_Records for the task:_
----

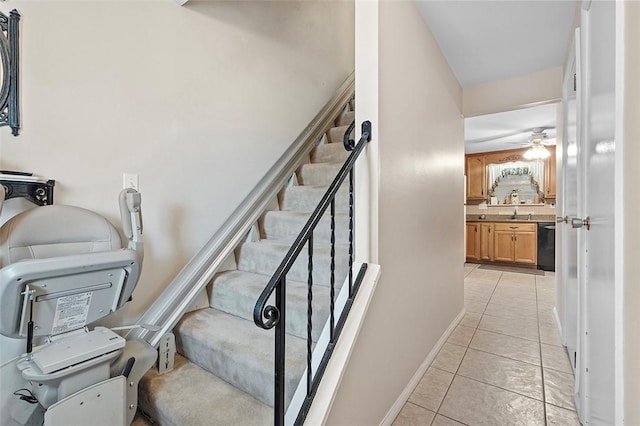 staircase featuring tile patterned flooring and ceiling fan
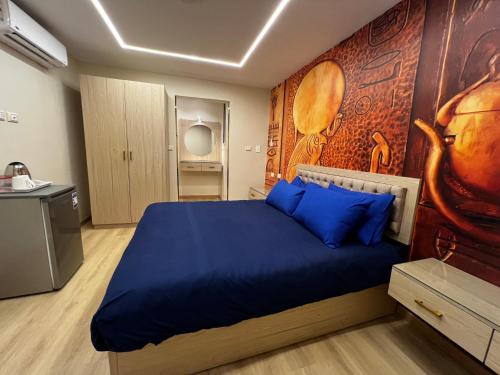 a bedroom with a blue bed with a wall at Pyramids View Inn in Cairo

----

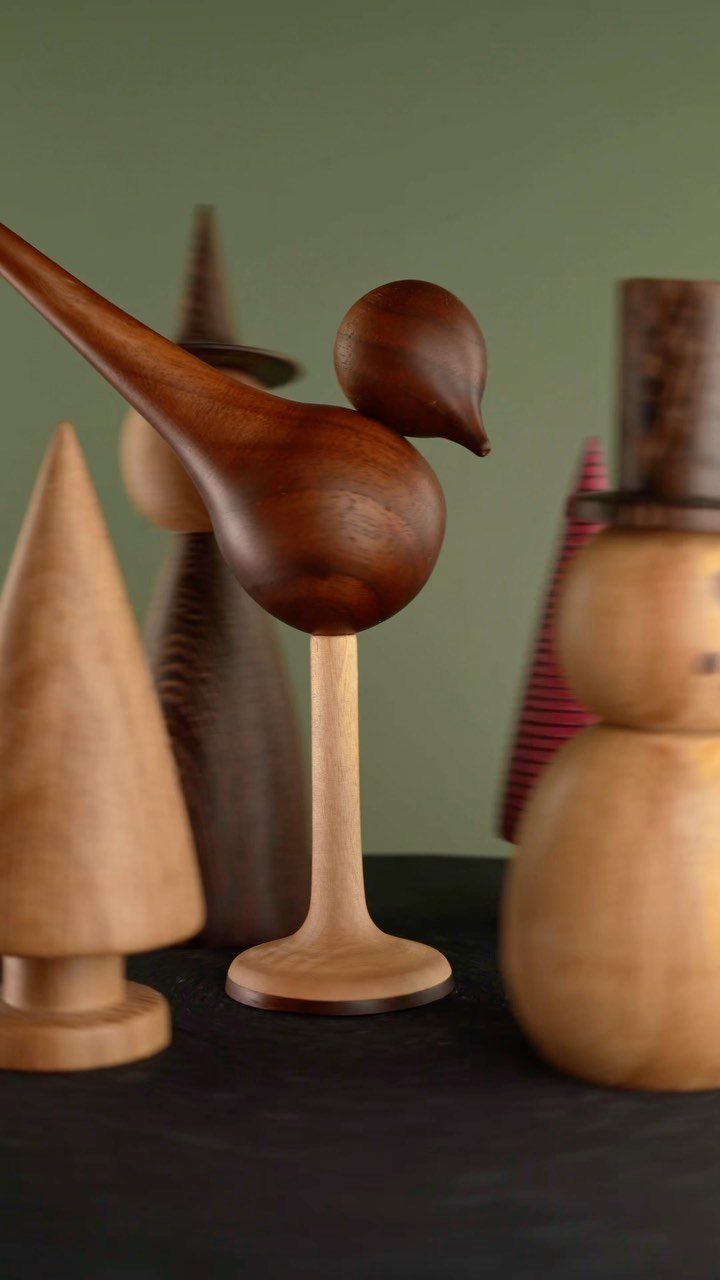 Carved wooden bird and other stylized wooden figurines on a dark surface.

----

_Exercise description:_ The lines to copy exactly start with the line above that has "staircase featuring tile" and go on through the line that has "a bedroom with"; please include both, add nothing else, and omit the pictures.

_Exercise solution:_
 staircase featuring tile patterned flooring and ceiling fan
 a bedroom with a blue bed with a wall at Pyramids View Inn in Cairo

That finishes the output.